(Collected data)

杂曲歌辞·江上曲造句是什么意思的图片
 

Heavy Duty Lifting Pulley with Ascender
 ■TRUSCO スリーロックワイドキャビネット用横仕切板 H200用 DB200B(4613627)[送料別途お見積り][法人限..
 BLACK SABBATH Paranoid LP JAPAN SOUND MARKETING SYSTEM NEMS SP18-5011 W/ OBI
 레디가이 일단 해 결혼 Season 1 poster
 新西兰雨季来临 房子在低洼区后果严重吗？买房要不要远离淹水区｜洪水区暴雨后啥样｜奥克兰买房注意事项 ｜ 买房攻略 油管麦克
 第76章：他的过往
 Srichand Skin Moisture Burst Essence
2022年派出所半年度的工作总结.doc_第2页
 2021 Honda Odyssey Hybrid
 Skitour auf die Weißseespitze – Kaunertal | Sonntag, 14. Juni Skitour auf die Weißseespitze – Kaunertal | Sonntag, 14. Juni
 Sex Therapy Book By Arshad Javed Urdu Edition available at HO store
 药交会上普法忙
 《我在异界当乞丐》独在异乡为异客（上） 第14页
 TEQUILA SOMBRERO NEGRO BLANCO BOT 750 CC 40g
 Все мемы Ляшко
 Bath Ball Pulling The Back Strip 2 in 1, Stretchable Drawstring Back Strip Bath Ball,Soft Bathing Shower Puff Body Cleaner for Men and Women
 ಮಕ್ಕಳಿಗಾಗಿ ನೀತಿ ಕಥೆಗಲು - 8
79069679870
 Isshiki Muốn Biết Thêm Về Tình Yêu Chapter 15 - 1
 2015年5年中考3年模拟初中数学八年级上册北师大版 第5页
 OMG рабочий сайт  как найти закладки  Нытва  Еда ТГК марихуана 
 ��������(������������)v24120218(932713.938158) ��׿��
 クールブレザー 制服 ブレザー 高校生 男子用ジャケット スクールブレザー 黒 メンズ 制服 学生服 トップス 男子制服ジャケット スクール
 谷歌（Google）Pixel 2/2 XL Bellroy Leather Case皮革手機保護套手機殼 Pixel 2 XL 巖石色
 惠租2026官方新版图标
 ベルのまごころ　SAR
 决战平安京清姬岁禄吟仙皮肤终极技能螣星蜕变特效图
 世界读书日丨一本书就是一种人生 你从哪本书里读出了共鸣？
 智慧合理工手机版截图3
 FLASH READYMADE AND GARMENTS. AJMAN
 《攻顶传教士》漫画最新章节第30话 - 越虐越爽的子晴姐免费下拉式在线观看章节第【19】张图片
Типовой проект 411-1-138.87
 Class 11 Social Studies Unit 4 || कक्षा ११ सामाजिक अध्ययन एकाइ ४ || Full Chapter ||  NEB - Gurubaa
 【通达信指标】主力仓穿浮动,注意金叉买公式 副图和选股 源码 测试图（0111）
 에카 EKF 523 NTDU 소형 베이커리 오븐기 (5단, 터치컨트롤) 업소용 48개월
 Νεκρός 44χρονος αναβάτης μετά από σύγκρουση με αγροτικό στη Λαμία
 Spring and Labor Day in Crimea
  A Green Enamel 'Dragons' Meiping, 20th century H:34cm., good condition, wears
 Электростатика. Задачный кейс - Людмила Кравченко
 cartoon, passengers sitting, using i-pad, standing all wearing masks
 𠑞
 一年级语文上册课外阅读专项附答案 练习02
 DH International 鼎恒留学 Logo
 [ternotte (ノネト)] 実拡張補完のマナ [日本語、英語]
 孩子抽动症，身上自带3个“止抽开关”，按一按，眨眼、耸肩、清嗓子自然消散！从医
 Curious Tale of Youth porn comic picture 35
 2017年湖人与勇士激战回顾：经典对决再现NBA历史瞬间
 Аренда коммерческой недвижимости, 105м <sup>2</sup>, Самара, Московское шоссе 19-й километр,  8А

_TASK DESCRIPTION_. Every entry must be repeated exactly; none may be skipped.

_ANSWER TO THE EXERCISE_.
杂曲歌辞·江上曲造句是什么意思的图片
 

Heavy Duty Lifting Pulley with Ascender
 ■TRUSCO スリーロックワイドキャビネット用横仕切板 H200用 DB200B(4613627)[送料別途お見積り][法人限..
 BLACK SABBATH Paranoid LP JAPAN SOUND MARKETING SYSTEM NEMS SP18-5011 W/ OBI
 레디가이 일단 해 결혼 Season 1 poster
 新西兰雨季来临 房子在低洼区后果严重吗？买房要不要远离淹水区｜洪水区暴雨后啥样｜奥克兰买房注意事项 ｜ 买房攻略 油管麦克
 第76章：他的过往
 Srichand Skin Moisture Burst Essence
2022年派出所半年度的工作总结.doc_第2页
 2021 Honda Odyssey Hybrid
 Skitour auf die Weißseespitze – Kaunertal | Sonntag, 14. Juni Skitour auf die Weißseespitze – Kaunertal | Sonntag, 14. Juni
 Sex Therapy Book By Arshad Javed Urdu Edition available at HO store
 药交会上普法忙
 《我在异界当乞丐》独在异乡为异客（上） 第14页
 TEQUILA SOMBRERO NEGRO BLANCO BOT 750 CC 40g
 Все мемы Ляшко
 Bath Ball Pulling The Back Strip 2 in 1, Stretchable Drawstring Back Strip Bath Ball,Soft Bathing Shower Puff Body Cleaner for Men and Women
 ಮಕ್ಕಳಿಗಾಗಿ ನೀತಿ ಕಥೆಗಲು - 8
79069679870
 Isshiki Muốn Biết Thêm Về Tình Yêu Chapter 15 - 1
 2015年5年中考3年模拟初中数学八年级上册北师大版 第5页
 OMG рабочий сайт  как найти закладки  Нытва  Еда ТГК марихуана 
 ��������(������������)v24120218(932713.938158) ��׿��
 クールブレザー 制服 ブレザー 高校生 男子用ジャケット スクールブレザー 黒 メンズ 制服 学生服 トップス 男子制服ジャケット スクール
 谷歌（Google）Pixel 2/2 XL Bellroy Leather Case皮革手機保護套手機殼 Pixel 2 XL 巖石色
 惠租2026官方新版图标
 ベルのまごころ　SAR
 决战平安京清姬岁禄吟仙皮肤终极技能螣星蜕变特效图
 世界读书日丨一本书就是一种人生 你从哪本书里读出了共鸣？
 智慧合理工手机版截图3
 FLASH READYMADE AND GARMENTS. AJMAN
 《攻顶传教士》漫画最新章节第30话 - 越虐越爽的子晴姐免费下拉式在线观看章节第【19】张图片
Типовой проект 411-1-138.87
 Class 11 Social Studies Unit 4 || कक्षा ११ सामाजिक अध्ययन एकाइ ४ || Full Chapter ||  NEB - Gurubaa
 【通达信指标】主力仓穿浮动,注意金叉买公式 副图和选股 源码 测试图（0111）
 에카 EKF 523 NTDU 소형 베이커리 오븐기 (5단, 터치컨트롤) 업소용 48개월
 Νεκρός 44χρονος αναβάτης μετά από σύγκρουση με αγροτικό στη Λαμία
 Spring and Labor Day in Crimea
  A Green Enamel 'Dragons' Meiping, 20th century H:34cm., good condition, wears
 Электростатика. Задачный кейс - Людмила Кравченко
 cartoon, passengers sitting, using i-pad, standing all wearing masks
 𠑞
 一年级语文上册课外阅读专项附答案 练习02
 DH International 鼎恒留学 Logo
 [ternotte (ノネト)] 実拡張補完のマナ [日本語、英語]
 孩子抽动症，身上自带3个“止抽开关”，按一按，眨眼、耸肩、清嗓子自然消散！从医
 Curious Tale of Youth porn comic picture 35
 2017年湖人与勇士激战回顾：经典对决再现NBA历史瞬间
 Аренда коммерческой недвижимости, 105м <sup>2</sup>, Самара, Московское шоссе 19-й километр,  8А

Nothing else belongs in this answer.